O pedido por parte da PGR, na época, para o arquivamento de cinco das sete apurações instauradas no Supremo Tribunal Federal (STF) contra Bolsonaro a partir do relatório final da CPI da Covid parece ter sido a gota d’água para alguns dos senadores mais insatisfeitos, que enviaram ao STF uma petição para que Aras e a vice-procuradora, Lindôra Araújo, fossem investigados por possível prevaricação, chegando a dizer que eles tinham uma postura “claramente política e sorrateira”.

“A atuação da gestão Aras após quase 3 anos deixa evidente o modus operandi da blindagem: abertura de procedimentos preliminares para não envolver a Polícia Federal, que participaria, se houvesse inquérito aberto, e, após o caso esfriar, pedir para arquivar. A conduta sorrateira, sempre ganhando tempo para, após, arquivar, sem JAMAIS (sic) ter sequer aberto um inquérito, deve ser combatida”, dizia o texto assinado por senadores como Omar Aziz, Otto Alencar, Renan Calheiros e Tasso Jereissati e enviado ao Supremo.

O tempo passou, a mobilização também. Aras não foi investigado, mas substituído, e mais de dois anos depois, a rocha no caminho de Bolsonaro, que acabou virando uma pedrinha chutada para longe, voltou a incomodar. Na última semana, senadores que participaram da CPI da Pandemia (alguns mesmos que assinaram a peça contra Aras) se reuniram com o atual procurador-geral da República, Paulo Gonet, que assumiu o posto após indicação do presidente Lula da Silva, e pediram o desarquivamento dos indiciamentos contra Jair Bolsonaro.

De acordo com Randolfe Rodrigues, que esteve no encontro, Gonet sinalizou que poderá analisar com minúcia as conclusões dos meses de investigações da CPI. “Saímos daqui convencidos de que não terá impunidade para os mais de 700 mil brasileiros que morreram”, afirmou.

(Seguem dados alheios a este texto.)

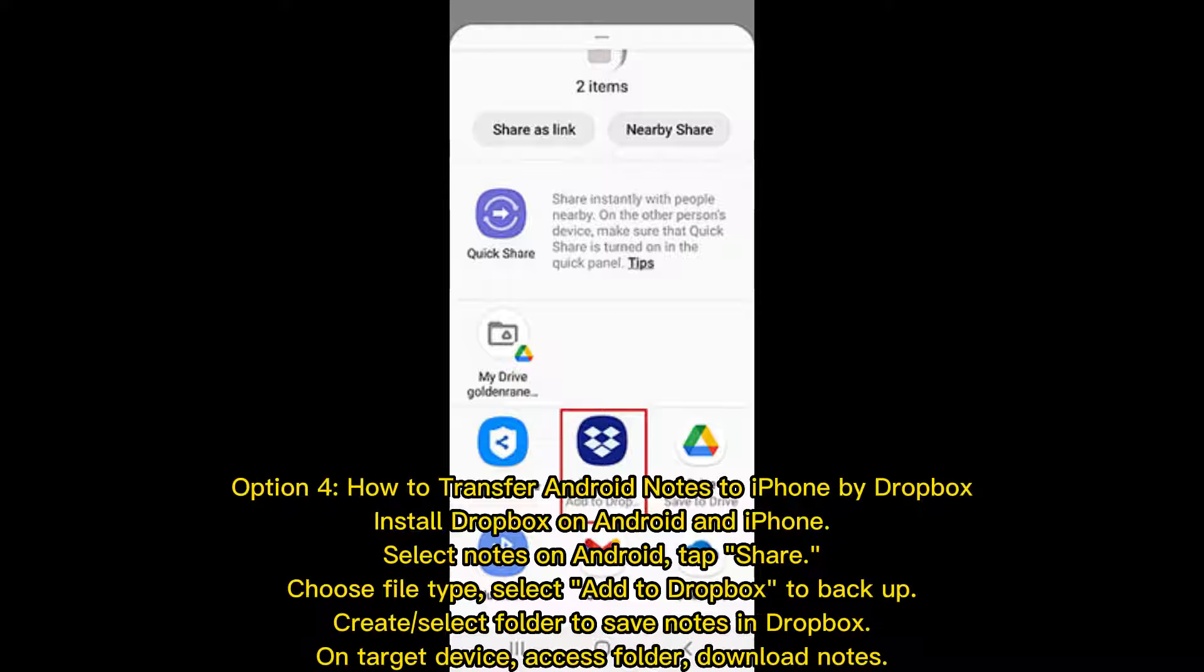Option 4: How to transfer Android notes to iPhone by Dropbox. Install Dropbox on Android and iPhone, select Notes on Android, tap Share, choose File Type, select Add to Dropbox to back up.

Quando se leva em consideração a mensagem implícita na fala do congressista, de que a PGR pode, agora sob “nova direção”, mudar seu entendimento sobre a responsabilidade do ex-presidente na pandemia, é possível dizer que as noites de sono de Bolsonaro devem voltar a ser inquietas e atormentadas pelos fantasmas da Covid-19.

A tempestade perfeita para este cenário já está armada. Vale lembrar que, neste mês de março, a Polícia Federal (PF) indiciou o ex-chefe do Executivo federal e seu ex-ajudante de ordens, tenente-coronel Mauro Cid (que, inclusive, voltou a ser preso após ordem do ministro Alexandre de Moraes) no âmbito da investigação que apura a suspeita de fraude na carteira de vacinação contra a Covid de Bolsonaro. Segundo a PF, tanto Jair quanto Cid cometeram os crimes de associação criminosa e inserção de dados falsos em sistema de informação.

Com o indiciamento, a PF chegou a relacionar o suposto esquema de fraude no cartão de vacina do ex-presidente com a investigação que o coloca como pivô de outra trama em investigação, a de tentativa de golpe de Estado. Conforme a polícia, Bolsonaro e seus aliados podem ter emitido os cartões fraudados para que, após a tentativa inicial de golpe, tivessem à disposição os documentos necessários para entrada e permanência em um país estrangeiro enquanto aguardavam o desenrolar da apontada tentativa de tomada à força do poder no Brasil.

Se essa relação ou mesmo o teor do indiciamento são legítimos ou não, é o que a Justiça vai responder. Não obstante, o fato é que Jair Bolsonaro se viu no centro de inúmeras polêmicas, e até investigações, antes, durante e depois de seu mandato como presidente do Brasil, e conseguiu, aparentemente, superar todas elas – até agora. É justamente a condução no combate (ou a possível falta dele) a um inimigo microscópico, um vírus, constantemente minimizado pelo político, que pode causar sua queda. E que tremenda ironia seria.